By Stu Cvrk and Larry Schweikart
Part II of a Four Part Series
Part I HERE
The Long War
Which country is the greater long-term threat to U.S. interests? Communist China or Russia? In economic terms, the case is clear that Communist China will remain an existential threat to U.S. national security for the foreseeable future. Consider that China’s GDP is approaching that of the U.S., as noted here:
The Gross Domestic Product (GDP) in China was worth 14,200 billion US dollars in 2019, according to official data from the World Bank and projections from Trading Economics. The GDP value of China represents 11.72 percent of the world economy.

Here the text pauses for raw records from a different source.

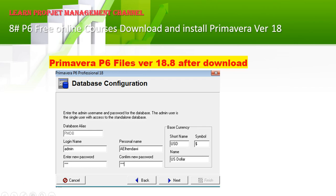Successfully done! Here in Database Configuration, the database alias and login name is 'admin' — you can change it to whatever you want. You can also set your currency to dollar or any currency based on your country and location. Enter your password and confirm it again. That is simple and very easy.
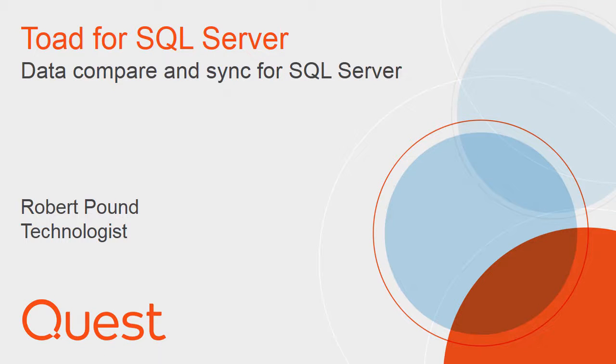Hello, my name is Robert Pound and I am a Quest technologist. This video will cover data compare and sync for SQL Server.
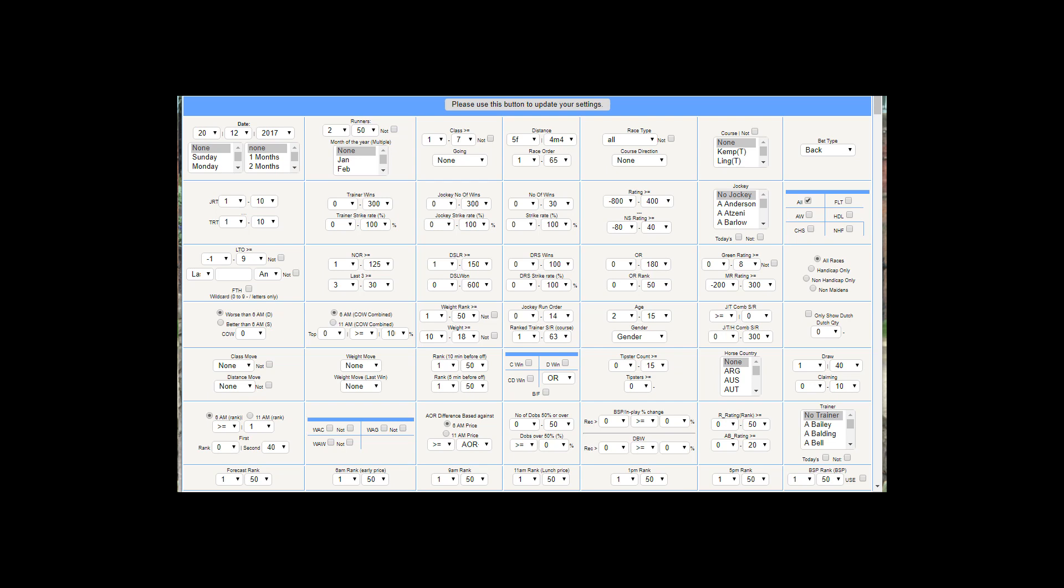Hi, it's Malcolm here and welcome to another PR ratings update. We're now on version 3.15 and I've added this new section called DRS wins and DRS strike rate.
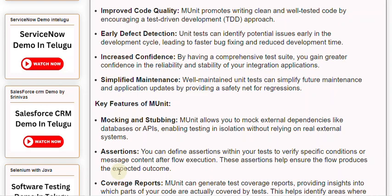Coverage Reports: MUnit can generate test coverage reports, providing insights into which parts of your code are actually covered by tests. This helps identify areas where additional testing might be necessary.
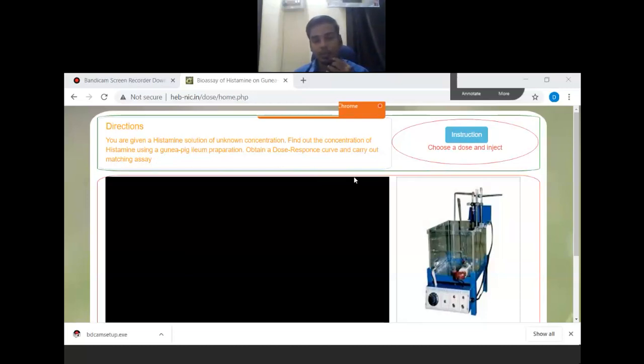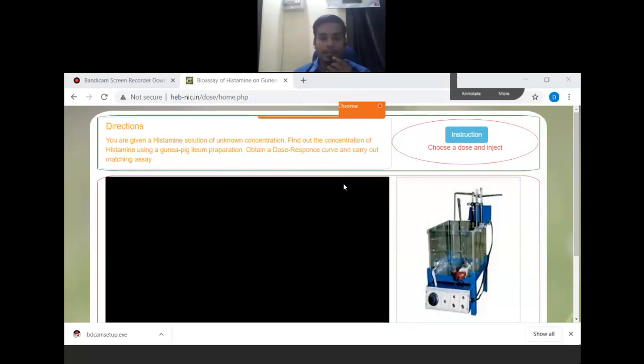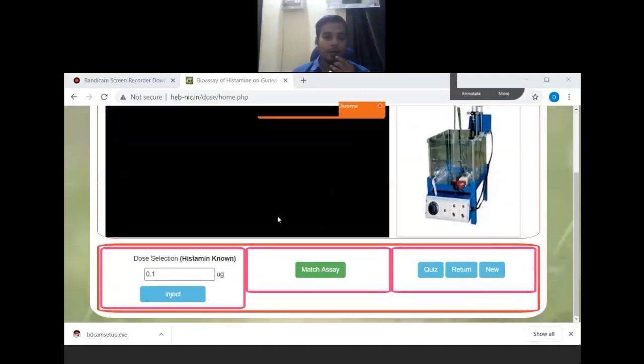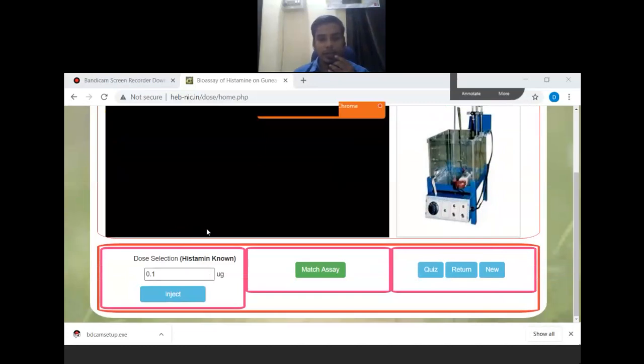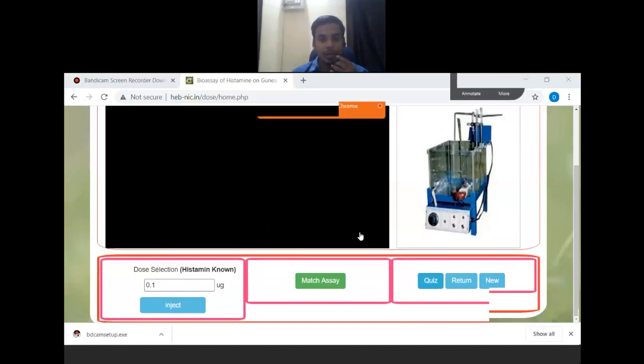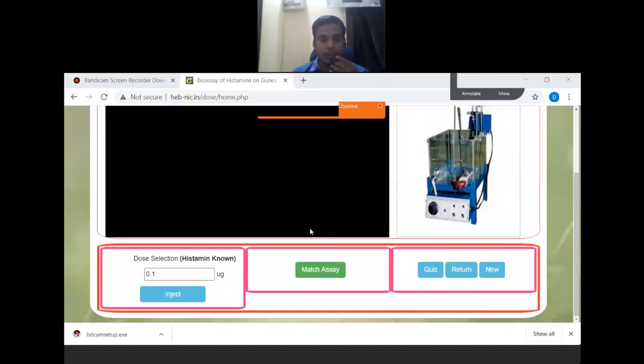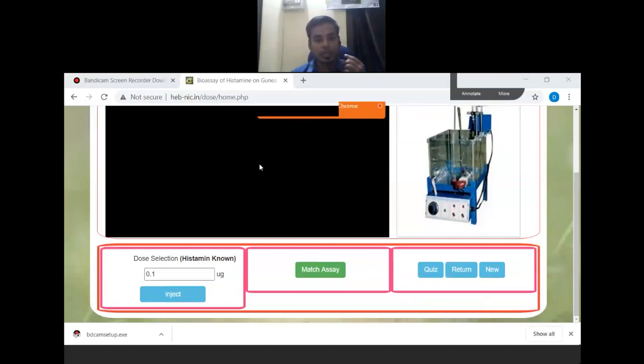Through this, we will be able to test. Below here, we can select the dose of Histamine at a normal concentration. In this kymograph, the dose as well as the response will be shown. Let us see here. The first dose 0.1, let us inject it.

In comparison, the U.S. GDP was $21.2 trillion in 2019, while Russia’s GDP was $1.75 trillion in 2019. China’s economy is almost ten times that of Russia. Economically speaking, the Chicoms’ effort to subvert, spy on, and influence the US in terms of personnel resources alone dwarfs what the Russians can bring to bear on a daily basis. However, Trump also had begun eating into even that Chicom strength. Recently, China’s foreign exchanges have been running low. Exports, which had been growing at a 25% annual rate, shrank to a growth rate of only 2% in 2020. (“China’s Foreign Exchange Reserves are Running Out,” Epoch Times, November 11-17, 2020). China’s outstanding foreign exchange debt is $2 trillion, 60% of which is in one—to two-year short-term limits that must be paid in foreign currency. Now, about one-third of China’s foreign investments have flowed out of China and will continue to increase.